Israel posts video showing what it says was machine-gun position and two tanks being targeted from above and blown up
Smoke billows from Syrian side of border after projectiles hit occupied Golan Heights on Saturday and Israel retaliates (AFP)
By AFP

An Israeli aircraft carried out a strike on Syria after 10 projectiles fired from the war-torn country hit the occupied Golan Heights on Saturday, an army spokesman said.

The Israeli air force also targeted two Syrian government tanks in the northern part of the Golan, the spokesman said, adding that the projectiles did not cause any casualties.

"Because of the unacceptable violation of Israeli sovereignty," Israel has protested to the United Nations Disengagement Observer Force (UNDOF), which monitors a 1974 ceasefire between the two countries, he added.

The Israeli military posted a video on Twitter showing what it said was a machine-gun position and two tanks being targeted from above and blown up.
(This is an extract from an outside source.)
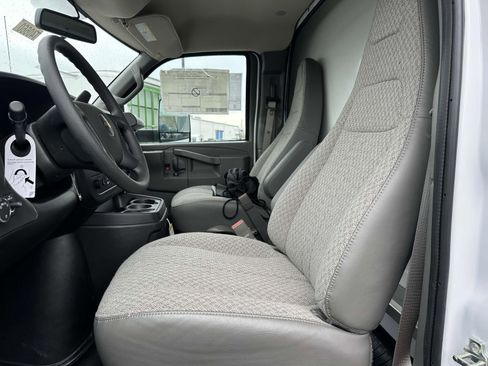 New 2024 Chevrolet Express 4500 Extended w/ Power Convenience Package image 10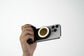 Multifunktionaler Selfie-Grip mit starker Magnetfixierung, Anti-Shake-Technologie und abnehmbarer Bluetooth-Fernbedienung. Mit integriertem Fill-Light für stabile Fotos, Videos und Social-Media-Content – flexibel, kompakt und professionell.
Syria's official news agency SANA confirmed the strike, saying it had killed an unspecified number of people and caused material damage.

SANA said "the Israeli enemy" fired several projectiles that hit the southern province of Quneitra on the Golan plateau, and accused Israel of backing the rebels battling government forces.

The Syrian Observatory for Human Rights, a Britain-based monitor that has been reporting on Syria's six-year-war, said two Syrian soldiers were killed in the Israeli strike.

It also reported fierce fighting between forces loyal to Syrian President Bashar al-Assad and rebels in Quneitra.

Defence Minister Avigdor Lieberman said Israel believes the Assad government is "accountable for what is happening on the ground and will continue to suffer the consequences".

"We are acting strongly, with determination," the minister in a statement.

Israel has conducted multiple air strikes in Syria since that country's civil war erupted in 2011, most of which it has said targeted arms convoys or warehouses of its Lebanese arch-foe Hezbollah, which is a key supporter of the Syrian government.

In April, Israel shot down what it identified only as "a target" over the Golan, hours after Syria accused it of hitting a military position near Damascus airport.

Israel did not confirm or deny the reported Damascus attack.

Israel seized much of the Golan Heights from Syria in the Six-Day War of 1967 and later annexed it in a move never recognised by the international community.

About 510 square kilometres of the Golan remain under Syrian control.

The Israeli side of the Golan has been hit sporadically by what is thought to be stray fire from fighting between forces loyal to Syria's government and rebels.

Syria and Israel are still technically at war.